In fact, it is your responsibility to not let anyone ever make you feel guilt or shame for reactions that are completely natural when encountering your own species. Our evolutionary programming is so strong and well understood that it can be used to intentionally trigger a specific response. Take, for example, that woman on Fox News, Gretchen Carlson, and compare her to that woman on MSNBC, Rachel Maddow. Do you think it’s accidental that their clothes and make-up are so different? Do you think these two women intentionally want you to experience two different things? So don’t ever feel ashamed just because you understood the visual cues being given to you, son.
You wouldn’t feel guilty admiring a beautiful flower in a meadow, would you?
You wouldn’t feel guilty watching a puffy white cloud waft over a magnificent pine-covered mountain peak, would you?
You are just appreciating the natural beauty to which your life force is tied.

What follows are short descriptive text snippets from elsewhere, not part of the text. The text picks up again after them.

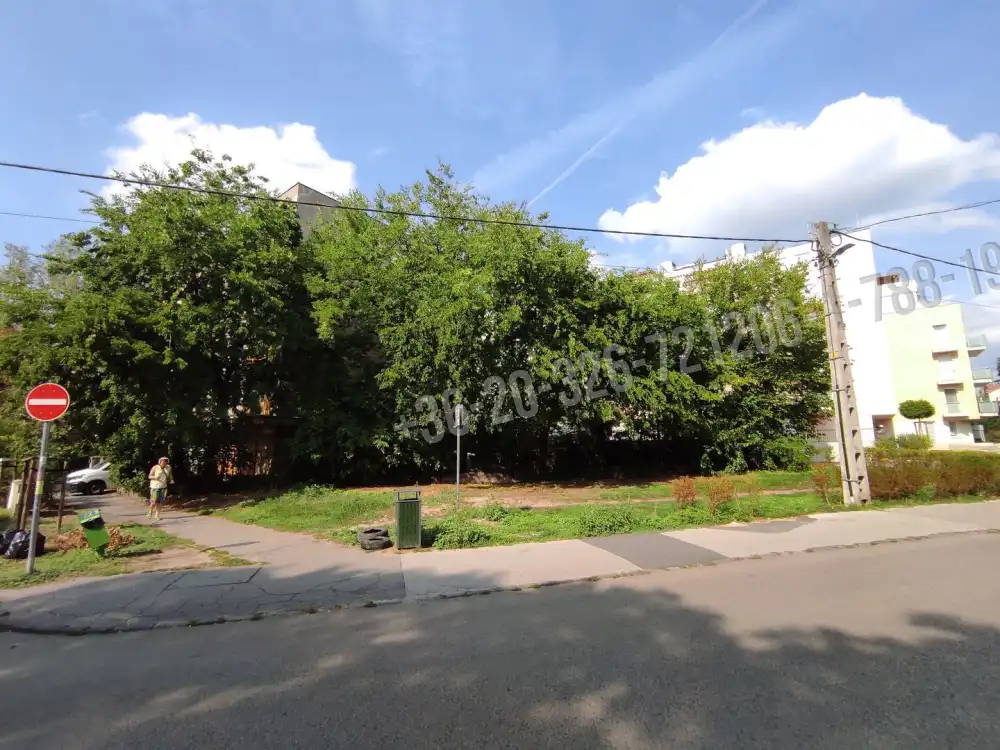 Budapest, XIV. kerület - Kiszugló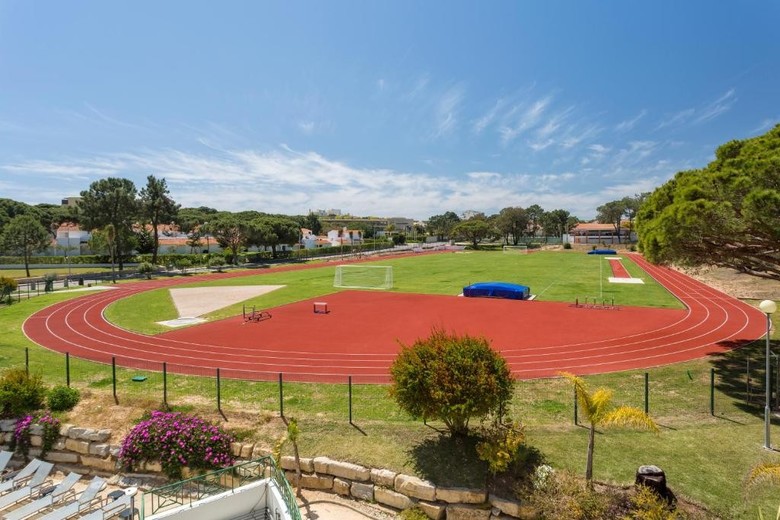 Victoria Beach & Sport Hotel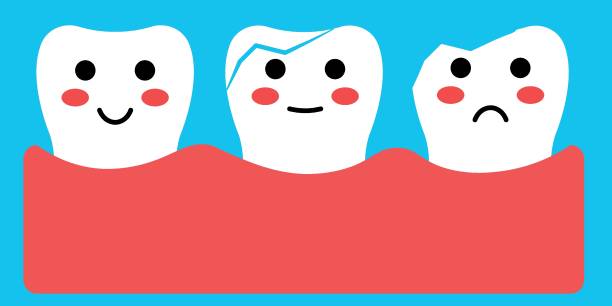 Can Dental Bonding Fix Small Imperfections Without Extensive Dental Work? – Telegraph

That woman who just walked by is a female human, an emotional and sentient being. She is a miraculous creation of a species found only on this planet.
Just like you.
You have hundreds of thousands of years of genetic programming making you feel the way you do. Just as she has hundreds of thousands of years of genetic programming driving her to remind the world that she can make babies. So don’t be embarrassed by those carnal feelings. That’s like being embarrassed by your opposable thumb. Those powerful desires you just had, like your thumb, are gifts of evolution that helped our species survive.
Don’t fear them. Don’t judge them. Don’t subjugate them.
Embrace them. Celebrate them.
Even if you never speak to that beautiful woman, she reminded you that you are alive. That is her gift to you. Do you remember when we saw Citizen Kane?
Look at me. This is important. Any healthy human on this planet would be flattered to inspire another one. To make another human appreciate the gift of life. Relish the connection you just had with your species – to life itself! – even if that woman “didn’t see you at all.”
Oh, and one more thing: About this conversation?
Don’t tell your Mom.
She won’t understand what I just told you. That’s okay. She doesn’t have to.
If I had played by your Mom’s rules, I never would have had a chance to make babies with her. Always remember, son: women desire men who pee standing up.
They just want you to lift the seat before you do it.